French Prime Minister Dominique de Villepin last week told sub-contractors at the troubled Airbus aircraft maker that the euro's current levels were hurting exports and called for a European exchange rate strategy to remedy that.
But Mr Juncker, who chairs the monthly meetings of the euro zone's 12 finance ministers, said the single currency's strength was not a problem.
The euro rose to a three-month high above $1.2900 today, up from $1.1840 at the end of 2005.
"I don't see a situation, as far as the existing situation is concerned, where we already start to suffer from an exchange rate which would be harmful," Mr Juncker told reporters.
"I don't think that we are yet there," he said.

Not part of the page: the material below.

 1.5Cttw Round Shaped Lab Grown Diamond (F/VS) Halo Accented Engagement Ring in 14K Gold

Mr Villepin's comments were echoed by French President Jacques Chirac, who said last Thursday other euro zone countries shared French concerns about the euro's strength.

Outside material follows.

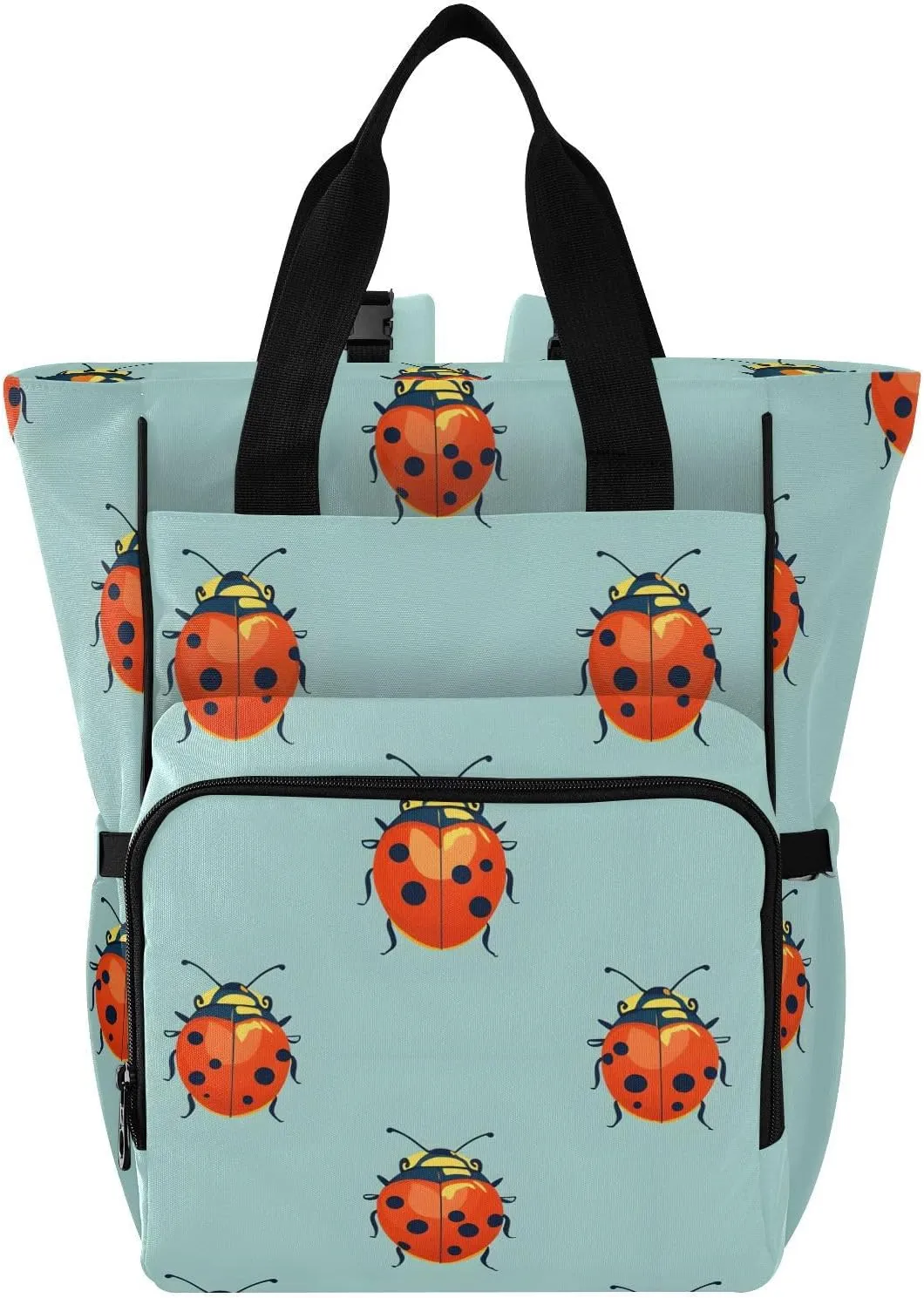 Baby Diaper Bag Backpack Blue Background Ladybugs Pattern Large Tote Baby Bag for Boys, Girls, Waterproof Multi Function Diaper Backpack, Travel Essentials for Moms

Economic growth stagnated in France, the euro zone's second biggest economy, during the third quarter - bad news for the government in the middle of a presidential election campaign.
But the European Commission warned today against blaming the euro for domestic economic problems. "Politicians need to ... at the very least, think twice before using (the euro) as a scapegoat for an economy's problems," the European Union executive said in a statement.
France has blamed the euro's strength on the European Central Bank's interest rate policy, and said the bank should not be allowed to act alone on exchange rates.
Both Mr Juncker and Economic and Monetary Affairs Commissioner Joaquin Almunia, speaking separately to journalists, said that although the Eurogroup's dialogue with the ECB could be improved, the bank's independence should not be questioned.